CASCADE: Case-Based Continual Adaptation for Large Language Models During Deployment

CASCADE：大型语言模型部署期间的基于案例的持续适应

Abstract: Large language models (LLMs) have become a central foundation of modern artificial intelligence, yet their lifecycle remains constrained by a rigid separation between training and deployment, after which learning effectively ceases. This limitation contrasts with natural intelligence, which continually adapts through interaction with its environment.

摘要： 大型语言模型（LLM）已成为现代人工智能的核心基础，但其生命周期仍受限于训练与部署之间的严格分离，一旦部署，学习过程实际上就停止了。这种局限性与自然智能形成了鲜明对比，后者通过与环境的交互不断进行自我适应。

In this paper, we formalise deployment-time learning (DTL) as the third stage in the LLM lifecycle that enables LLM agents to improve from experience during deployment without modifying model parameters. We present CASCADE (CASe-based Continual Adaptation during DEployment), a general and principled framework that equips LLM agents with an explicit, evolving episodic memory.

在本文中，我们将“部署时学习”（Deployment-time Learning, DTL）形式化为 LLM 生命周期的第三阶段，使 LLM 智能体能够在不修改模型参数的情况下，通过部署期间的经验不断改进。我们提出了 CASCADE（部署期间基于案例的持续适应），这是一个通用且具有原则性的框架，为 LLM 智能体配备了显式且不断演进的情景记忆。

CASCADE formulates experience reuse as a contextual bandit problem, enabling principled exploration-exploitation trade-offs and establishing no-regret guarantees over long-term interactions.
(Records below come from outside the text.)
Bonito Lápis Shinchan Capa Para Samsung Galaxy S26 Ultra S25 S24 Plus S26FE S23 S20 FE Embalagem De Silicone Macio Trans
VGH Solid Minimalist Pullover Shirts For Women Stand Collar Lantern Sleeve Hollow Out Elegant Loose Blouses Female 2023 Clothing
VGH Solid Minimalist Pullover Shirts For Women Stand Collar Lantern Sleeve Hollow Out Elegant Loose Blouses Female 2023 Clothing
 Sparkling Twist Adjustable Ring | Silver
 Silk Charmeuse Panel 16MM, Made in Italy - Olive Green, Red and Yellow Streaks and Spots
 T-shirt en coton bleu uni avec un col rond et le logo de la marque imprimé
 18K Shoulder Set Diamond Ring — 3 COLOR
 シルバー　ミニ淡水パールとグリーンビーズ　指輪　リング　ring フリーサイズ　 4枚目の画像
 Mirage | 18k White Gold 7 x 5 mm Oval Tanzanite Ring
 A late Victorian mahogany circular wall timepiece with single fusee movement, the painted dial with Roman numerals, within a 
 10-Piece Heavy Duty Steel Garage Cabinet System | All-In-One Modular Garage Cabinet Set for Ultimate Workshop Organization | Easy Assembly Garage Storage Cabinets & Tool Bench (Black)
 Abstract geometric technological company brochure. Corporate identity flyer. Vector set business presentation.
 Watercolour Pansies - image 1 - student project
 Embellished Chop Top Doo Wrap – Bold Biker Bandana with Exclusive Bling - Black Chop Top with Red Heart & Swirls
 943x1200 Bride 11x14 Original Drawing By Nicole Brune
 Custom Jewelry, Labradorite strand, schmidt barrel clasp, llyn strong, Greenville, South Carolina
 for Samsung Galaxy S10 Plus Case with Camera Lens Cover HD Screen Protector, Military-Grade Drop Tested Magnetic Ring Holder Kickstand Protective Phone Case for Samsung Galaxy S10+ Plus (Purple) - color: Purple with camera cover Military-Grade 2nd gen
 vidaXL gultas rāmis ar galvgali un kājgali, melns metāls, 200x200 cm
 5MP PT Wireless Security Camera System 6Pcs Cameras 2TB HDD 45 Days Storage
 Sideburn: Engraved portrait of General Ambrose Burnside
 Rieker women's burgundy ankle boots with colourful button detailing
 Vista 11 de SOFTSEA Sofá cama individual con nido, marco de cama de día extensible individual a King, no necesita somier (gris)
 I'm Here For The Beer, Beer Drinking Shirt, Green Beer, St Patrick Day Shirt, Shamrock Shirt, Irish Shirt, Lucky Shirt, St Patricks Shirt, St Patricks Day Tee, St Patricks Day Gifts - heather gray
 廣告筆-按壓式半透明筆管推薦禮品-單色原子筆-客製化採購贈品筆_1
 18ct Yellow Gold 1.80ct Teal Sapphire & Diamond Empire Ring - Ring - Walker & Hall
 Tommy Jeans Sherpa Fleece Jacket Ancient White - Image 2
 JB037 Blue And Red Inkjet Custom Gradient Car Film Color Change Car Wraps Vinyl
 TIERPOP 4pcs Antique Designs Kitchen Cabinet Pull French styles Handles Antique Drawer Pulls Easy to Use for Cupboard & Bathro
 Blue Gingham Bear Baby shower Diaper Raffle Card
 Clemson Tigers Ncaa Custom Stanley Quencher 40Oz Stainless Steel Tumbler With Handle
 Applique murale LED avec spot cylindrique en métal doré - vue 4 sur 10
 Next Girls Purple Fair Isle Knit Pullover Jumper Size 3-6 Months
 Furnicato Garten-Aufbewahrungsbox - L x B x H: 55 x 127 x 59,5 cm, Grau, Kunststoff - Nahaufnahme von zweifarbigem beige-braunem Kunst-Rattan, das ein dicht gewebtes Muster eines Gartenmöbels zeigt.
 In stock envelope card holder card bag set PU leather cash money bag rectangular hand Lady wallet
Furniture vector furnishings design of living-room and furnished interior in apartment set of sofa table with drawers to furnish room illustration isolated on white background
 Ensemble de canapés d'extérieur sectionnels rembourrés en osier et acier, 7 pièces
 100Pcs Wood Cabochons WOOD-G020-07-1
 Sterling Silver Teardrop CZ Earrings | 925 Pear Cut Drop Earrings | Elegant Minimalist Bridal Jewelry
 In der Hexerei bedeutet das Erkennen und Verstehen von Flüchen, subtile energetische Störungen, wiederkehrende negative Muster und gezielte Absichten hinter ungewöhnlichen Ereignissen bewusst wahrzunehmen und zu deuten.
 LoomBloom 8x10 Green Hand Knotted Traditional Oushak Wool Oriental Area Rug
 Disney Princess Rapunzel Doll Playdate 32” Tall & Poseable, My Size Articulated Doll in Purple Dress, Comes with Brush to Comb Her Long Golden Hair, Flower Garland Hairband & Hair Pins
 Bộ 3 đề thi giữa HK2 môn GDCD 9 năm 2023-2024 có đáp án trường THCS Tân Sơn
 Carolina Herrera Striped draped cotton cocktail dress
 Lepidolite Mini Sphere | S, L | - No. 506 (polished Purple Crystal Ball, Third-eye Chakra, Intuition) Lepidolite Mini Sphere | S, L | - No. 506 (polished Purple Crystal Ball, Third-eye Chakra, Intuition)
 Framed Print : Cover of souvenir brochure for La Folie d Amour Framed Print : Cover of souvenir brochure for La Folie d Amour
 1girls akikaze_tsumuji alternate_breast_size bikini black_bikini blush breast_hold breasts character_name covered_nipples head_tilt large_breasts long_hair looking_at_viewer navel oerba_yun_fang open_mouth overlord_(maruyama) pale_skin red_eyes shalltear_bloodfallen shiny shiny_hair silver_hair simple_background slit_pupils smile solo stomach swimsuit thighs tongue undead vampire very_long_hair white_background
This design allows agents to accumulate, select, and refine task-relevant cases, transforming past experience into actionable knowledge.

CASCADE 将经验重用建模为上下文多臂老虎机问题（Contextual Bandit Problem），实现了原则性的探索与利用权衡，并为长期交互建立了“无悔”（no-regret）保证。这种设计允许智能体积累、选择并提炼与任务相关的案例，从而将过去的经验转化为可操作的知识。

Across 16 diverse tasks spanning medical diagnosis, legal analysis, code generation, web search, tool use, and embodied interaction, CASCADE improves macro-averaged success rate by 20.9% over zero-shot prompting while consistently outperforming gradient-based and memory-based baselines. By reframing deployment as an adaptive learning process, this work establishes a foundation for continually improving AI systems.

在涵盖医疗诊断、法律分析、代码生成、网络搜索、工具使用和具身交互等 16 项不同任务中，CASCADE 的宏观平均成功率比零样本提示（zero-shot prompting）提高了 20.9%，并始终优于基于梯度和基于记忆的基线模型。通过将部署重新定义为一个自适应学习过程，本研究为持续改进人工智能系统奠定了基础。